I agree with joshjull, and disagree with Karate Johnson that winning a Cup can be formulaicly planned for, with all contingencies identified and addressed in advance. In the 23-man roster, 30-team, salary cap era, one can no loger build teams like the 1970s Canadiens, and 1980s Islanders and Oilers where a single club puts 4, 5, or 6 players combined on the NHL's 1st and 2nd-team all-stars.
One can't say with sincerity that the best team in the NHL has won the Cup each and every year since (you pick your year). One could say certain seasons have had teams besides the Cup winner who were equally capable of winning the Cup, but did not.
Well said.
A successful rebuild and winning a Cup could be two very different phases.
The rebuild could get us 90% of the way there....it'd then be the tweaking that needs to be done which could be considered a separate phase.
I disagree with separating the phases. We are rebuilding with the
goal of winning the Cup (which I agree with Karate Johnston). We are not rebuilding with the goal of completing a rebuild which allows us to compete for a Cup. Not only is it unneccessary to decouple the two, it dilutes focus by doing so.
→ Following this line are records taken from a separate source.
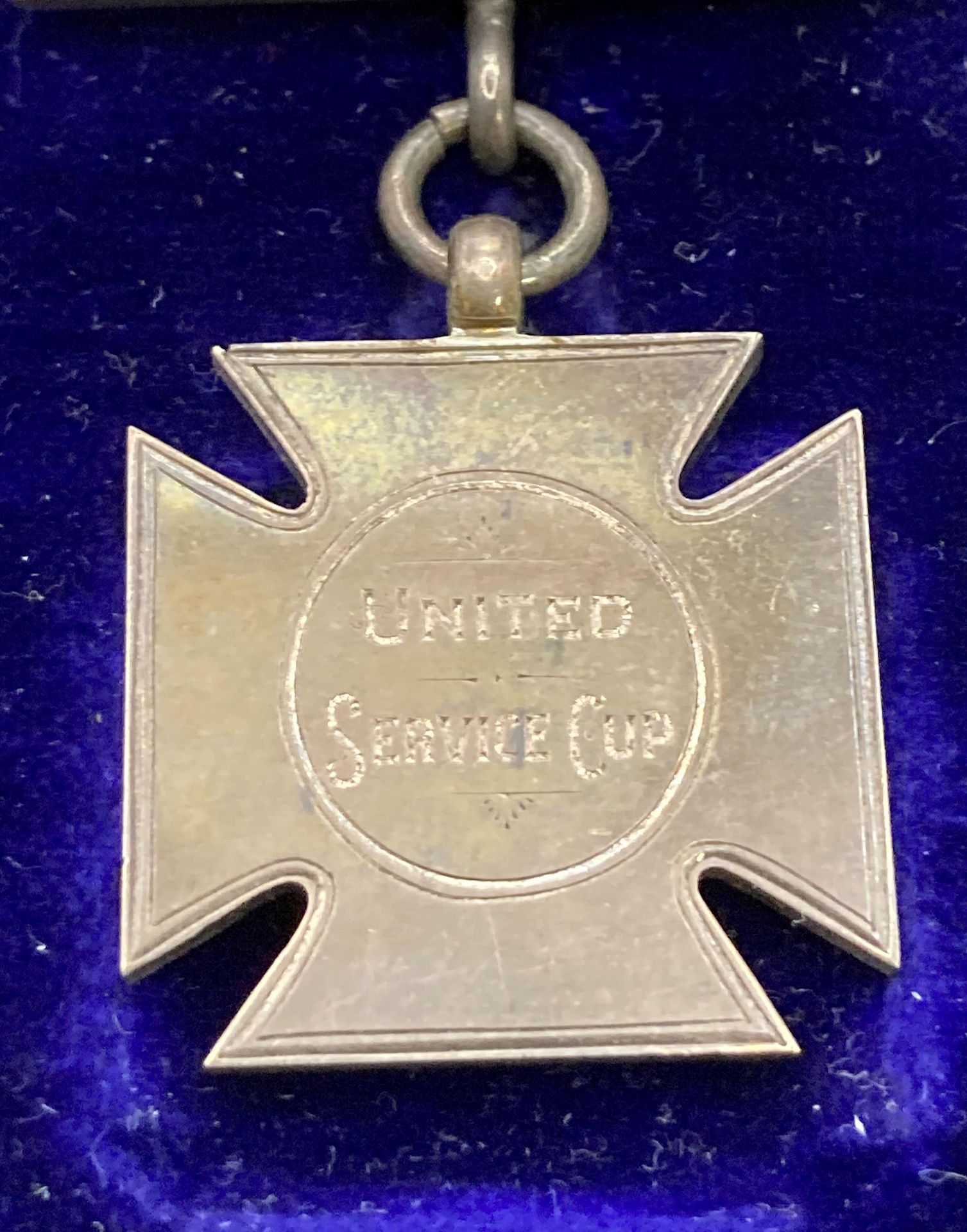 UNITED SERVICE CUP SPORTS MEDAL MALTA 1905 in silver awarded to ED. J. COOPER. P.O. 1ST. CLASS. H.M. - Image 2 of 4
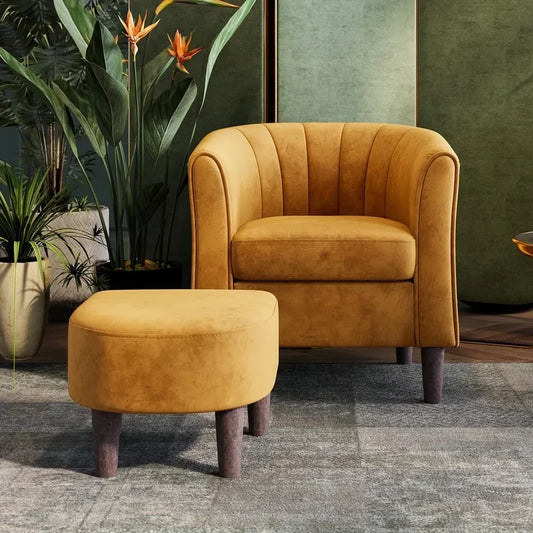 Velvet Barrel Accent Chair – Modern Comfy Armchair with Armrests for Living Room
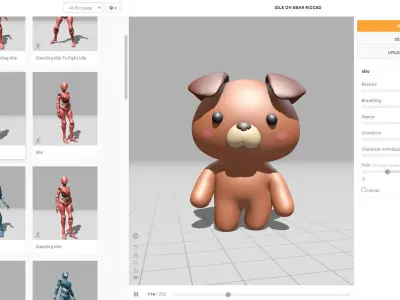 Chubby Bear Animated for Games  Low-poly 3D model
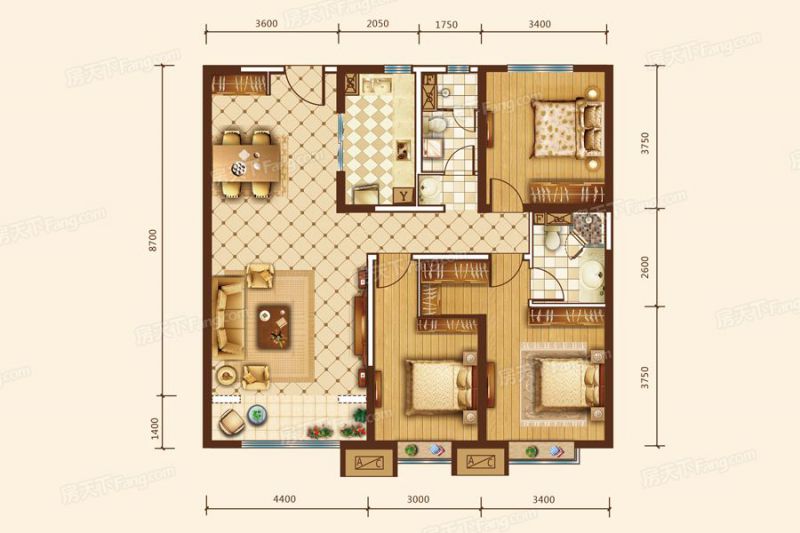 包头装修方案包头富力城四期144.00㎡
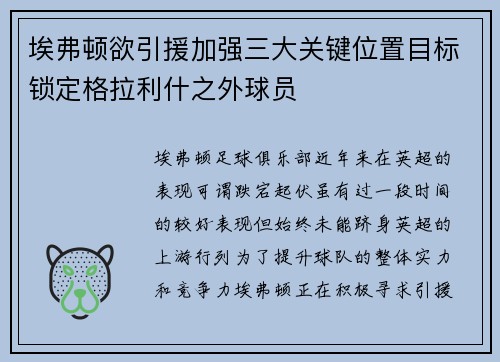 埃弗顿欲引援加强三大关键位置目标锁定格拉利什之外球员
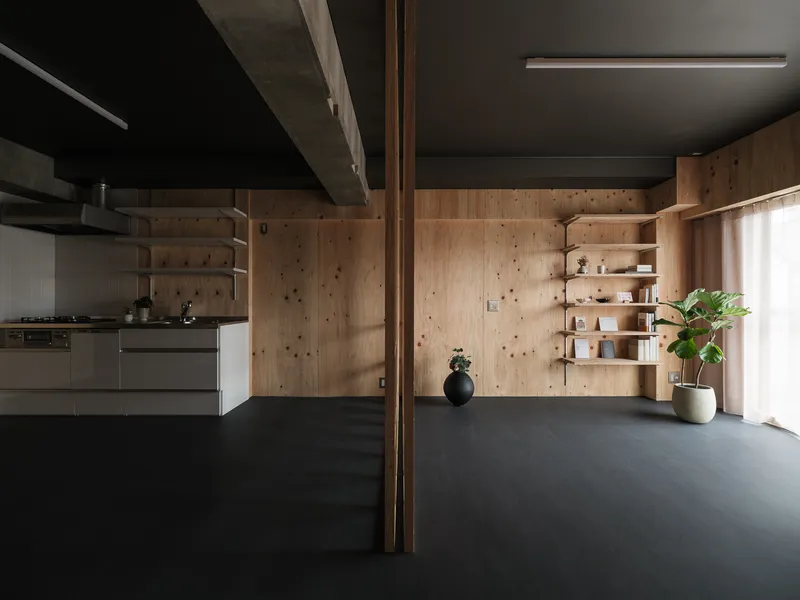 Interior view showing timber column, kitchen zone, and open shelving against plywood-clad walls under a dark ceiling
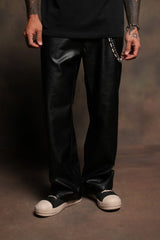 Wolf Pyramid Axel Low Rise Leather Pant In Black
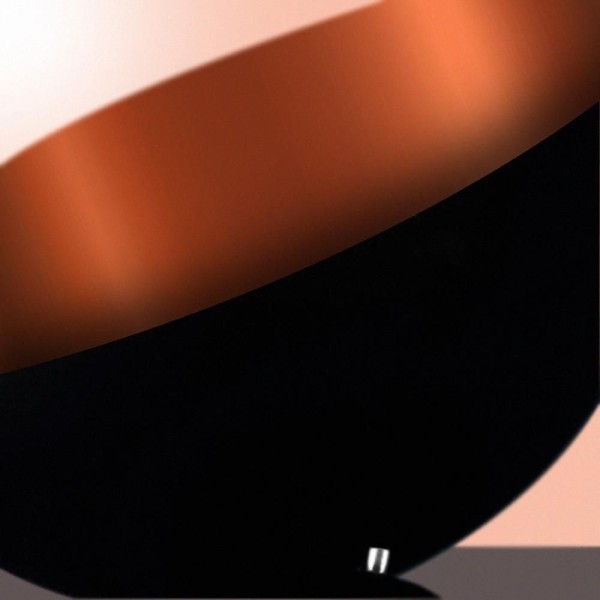 Encontraproduto.com.br - Lustre Pendente Meia Lua 30cm De Alumínio Preto Com Cobre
I'm sure the 90% value was subjectively chosen, but it is an appropriate delineator for the so-called tweaking threshhold. e.g., in a 16-team Eastern conference, 50% success = making playoffs (8/16). 75% success is making second round (4/16). 88% chance is making ECF (2/16). Beyond that, tweak what you wish and hope you get lucky.
I don't know how anyone can realistically call winning a Cup to be a prerequisite for calling a rebuild successful.
I agree with the other posters who talk about a extended success in terms of seeding/playoffs/winning playoff rounds. To, the purpose of the type of rebuild the Sabres are in is to return to that level of competitiveness. Cup or bust is a slogan, but it's not a legitimate operating plan.
EDIT: If the result of this current process is that the Sabres end up as a new version of the current Sharks, or of the Capitals, that will not be a failure of the rebuilding process. IMO, that will signal it's success. Not winning a championship under those circumstances would be a different failure.
I don't view the Caps the same way as the Sharks. Re: BUF potential rebuild performance similar to Sharks, it would either be failure to "tweak" / "tweak correctly" to get that last 10% to the goal, or repetitive bad luck. (We can debate which failure befell SJ each post-season.)
I don't recall if it was Scotty Bowman who said this but it sounds like him:
"You can build a team to get to the conference finals; everything else is luck."
Actually, I've said that in a few threads over the years. joshjull has, too.
A perrenial Conf. finalist caliber team (building blocks = individual and collective skills, team system, roster flexibility, roster depth, pipeline replacement depth, in-game coaching, conditioning, need-based trade deadline improvements) should probabilistically yield a couple Cup Finals, and with luck, a Cup.
The (only) goal is the Cup.
The only way to reach that goal is to be the ECF winner.
The rebuild is successfull if/when BUF routinely makes the ECF. From there, probability suggests they'll make a couple Finals. With luck as well, they'll win the Cup. To believe a Cup can be won without it (luck), in this era of the game, is, IMO, naieve.